Task to carry out - Repeat exactly, and only, the lines from the one containing "CAME-TV 6000K Compact" through the last line of the data below.
──────── Records provided
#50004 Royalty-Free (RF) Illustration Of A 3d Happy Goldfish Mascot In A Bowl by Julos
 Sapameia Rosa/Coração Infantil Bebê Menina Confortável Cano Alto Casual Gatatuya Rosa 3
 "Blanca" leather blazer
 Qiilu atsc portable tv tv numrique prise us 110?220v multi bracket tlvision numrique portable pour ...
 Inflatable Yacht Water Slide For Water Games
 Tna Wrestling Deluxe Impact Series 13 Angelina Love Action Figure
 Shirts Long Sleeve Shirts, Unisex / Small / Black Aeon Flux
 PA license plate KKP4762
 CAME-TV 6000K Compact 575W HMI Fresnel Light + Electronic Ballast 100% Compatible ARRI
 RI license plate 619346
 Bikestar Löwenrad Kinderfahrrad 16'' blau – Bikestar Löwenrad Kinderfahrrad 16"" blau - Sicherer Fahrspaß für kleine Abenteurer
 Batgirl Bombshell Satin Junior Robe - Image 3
────────────────
Answer box -
 CAME-TV 6000K Compact 575W HMI Fresnel Light + Electronic Ballast 100% Compatible ARRI
 RI license plate 619346
 Bikestar Löwenrad Kinderfahrrad 16'' blau – Bikestar Löwenrad Kinderfahrrad 16"" blau - Sicherer Fahrspaß für kleine Abenteurer
 Batgirl Bombshell Satin Junior Robe - Image 3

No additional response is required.